▸ Task
Could you repeat the records below exactly, without the pictures?

▸ Short text fragments from websites

%%

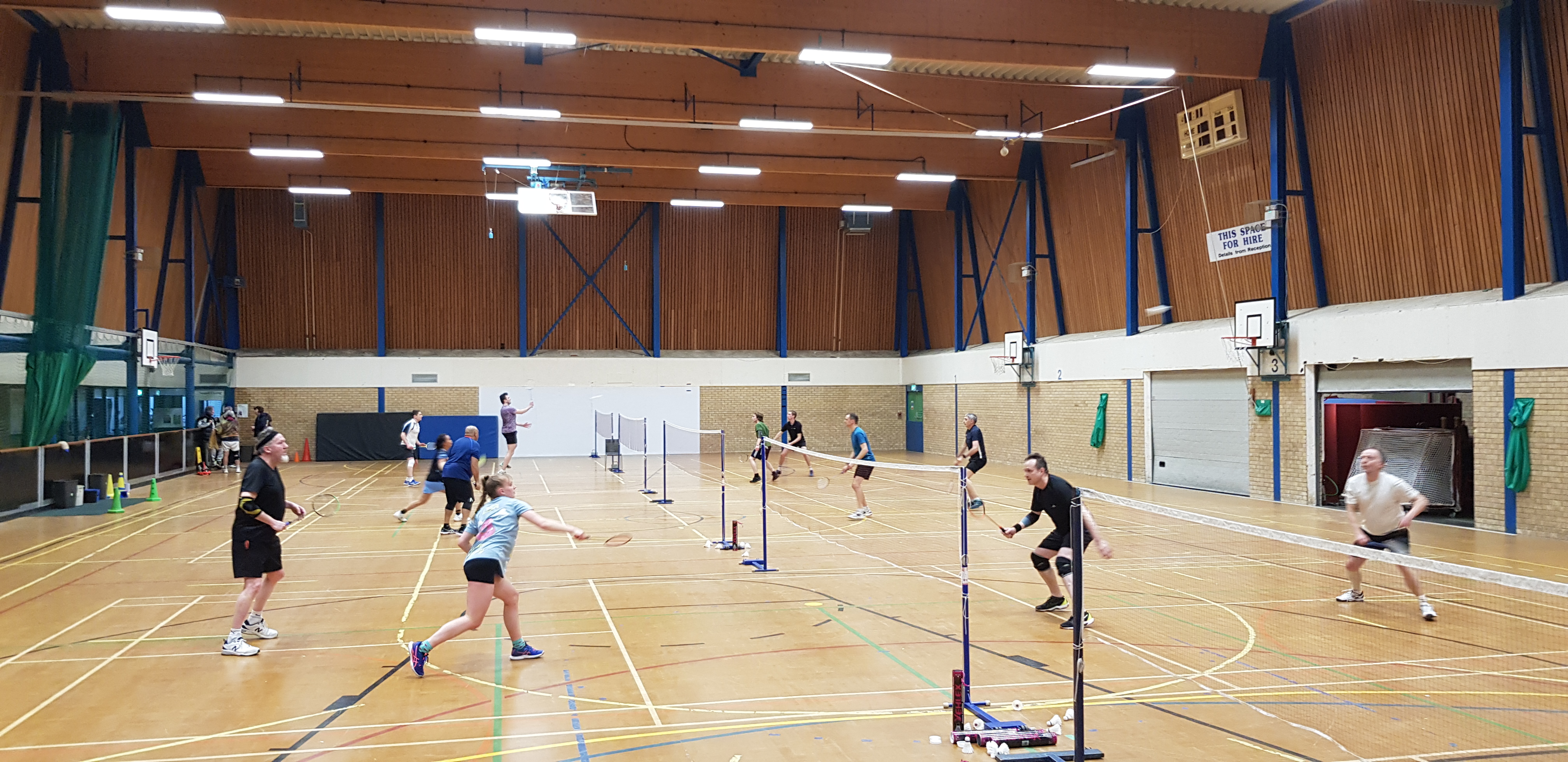 Broad demographic of badminton players. 16 players on 4 courts playing
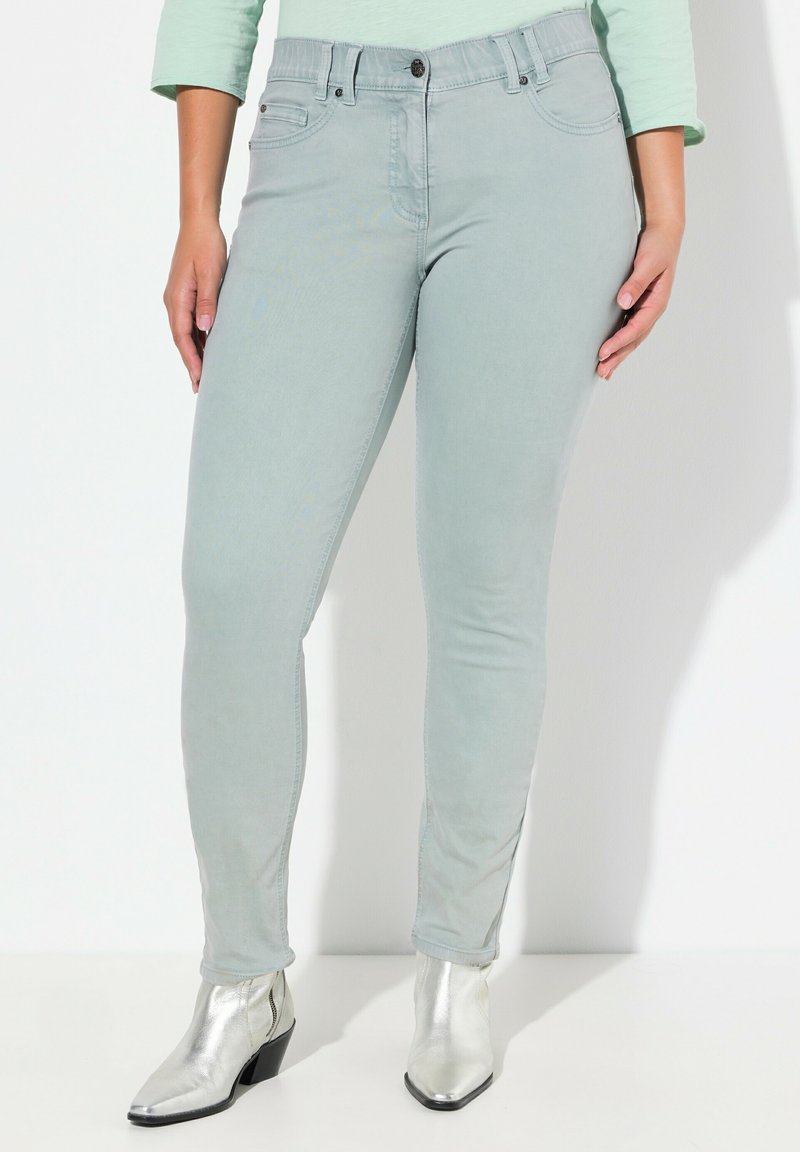 Jeans skinny verde claro con cinco bolsillos, pasadores para cinturón y cierre de botón frontal, combinados con botas de tobillo metálicas plateadas.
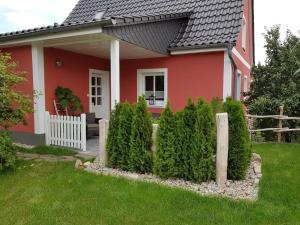 a red house with a white fence in front of it at NEU! Ferienwohnung Witaj in Panschwitz-Kuckau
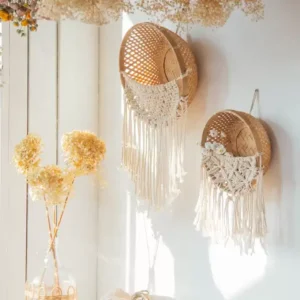 طقم سلات خوص جدارية مكون من قطعتين مزين بمكرمية بيضاء منسدلة معلقة على حائط أبيض بجانب فازة زجاجية وزهور مجففة.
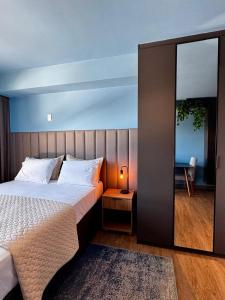 a bedroom with a bed and a lamp on a table at LIV apto 1211 - Loft novo com vista in Porto Alegre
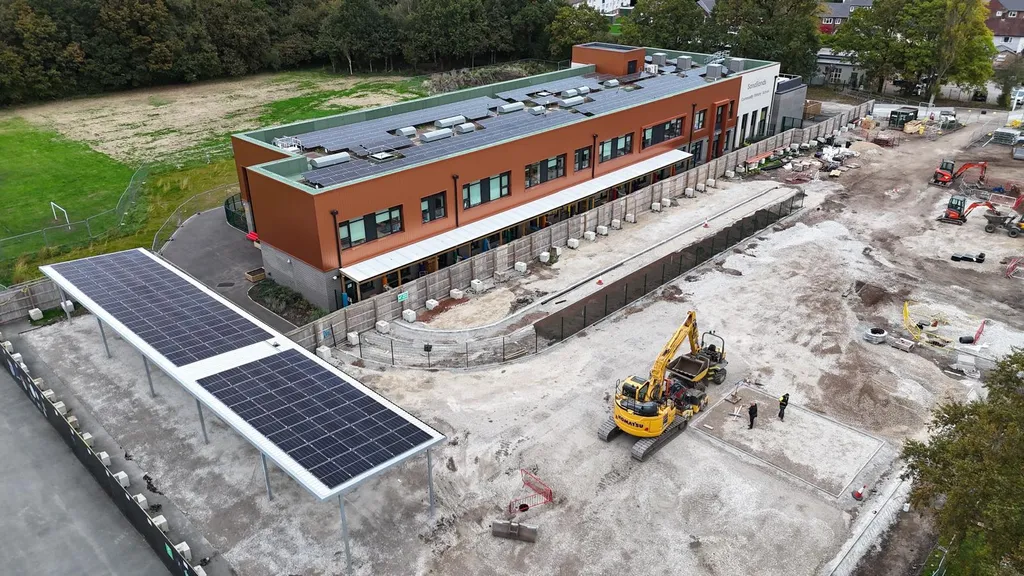 Solar panels on school building — Manchester Renewables drone shot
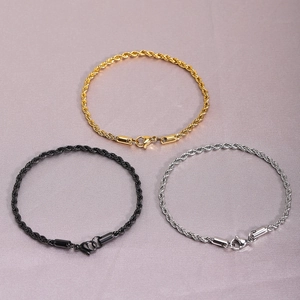 Detail view of woven rope chains in gold, black, and silver finishes on textured fabric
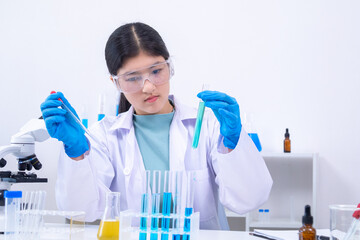 A young Asian female scientist in lab coat and gloves holds a glass pipette carefully in a science...
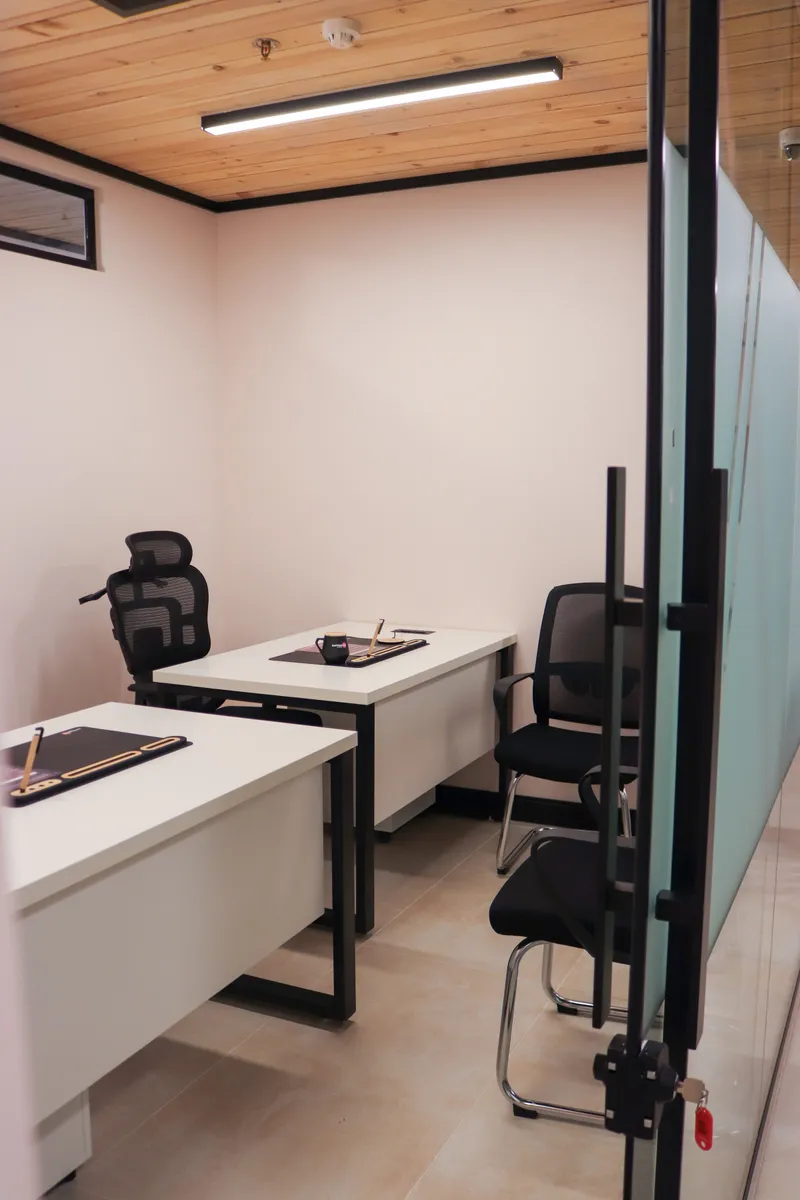 Office 1 · two desks and chairs beside a frosted glass partition under a wooden ceiling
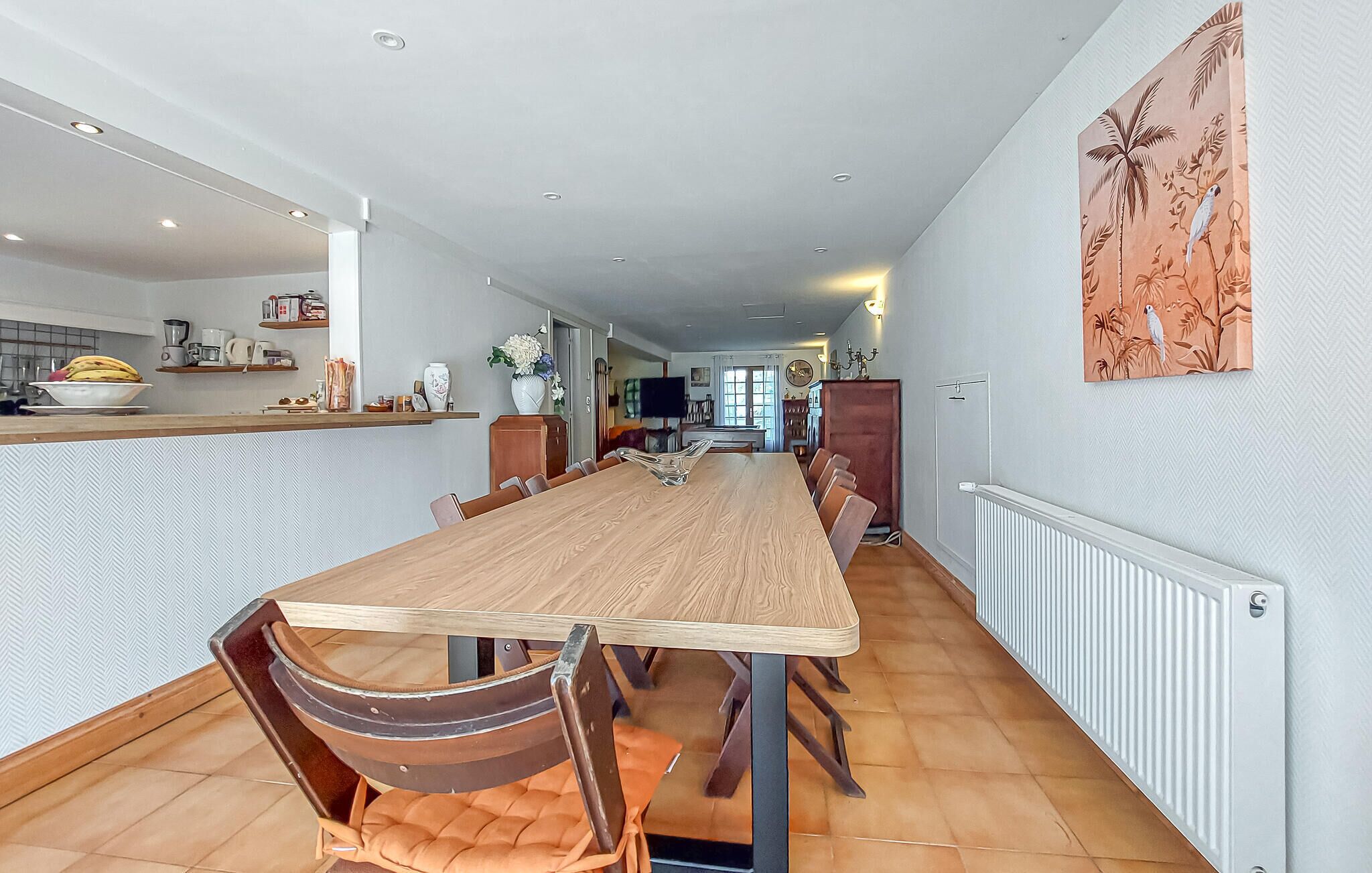Ein großzügiger Essbereich mit einem langen Holztisch und mehreren Stühlen, eine Küchenzeile mit Arbeitsfläche und verschiedenen Geräten sowie ein Wohnzimmer mit Fernseher und Sitzgelegenheiten.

%%

▸ Output below
 Broad demographic of badminton players. 16 players on 4 courts playing
 Jeans skinny verde claro con cinco bolsillos, pasadores para cinturón y cierre de botón frontal, combinados con botas de tobillo metálicas plateadas.
 a red house with a white fence in front of it at NEU! Ferienwohnung Witaj in Panschwitz-Kuckau
 طقم سلات خوص جدارية مكون من قطعتين مزين بمكرمية بيضاء منسدلة معلقة على حائط أبيض بجانب فازة زجاجية وزهور مجففة.
 a bedroom with a bed and a lamp on a table at LIV apto 1211 - Loft novo com vista in Porto Alegre
 Solar panels on school building — Manchester Renewables drone shot
 Detail view of woven rope chains in gold, black, and silver finishes on textured fabric
 A young Asian female scientist in lab coat and gloves holds a glass pipette carefully in a science...
 Office 1 · two desks and chairs beside a frosted glass partition under a wooden ceiling
Ein großzügiger Essbereich mit einem langen Holztisch und mehreren Stühlen, eine Küchenzeile mit Arbeitsfläche und verschiedenen Geräten sowie ein Wohnzimmer mit Fernseher und Sitzgelegenheiten.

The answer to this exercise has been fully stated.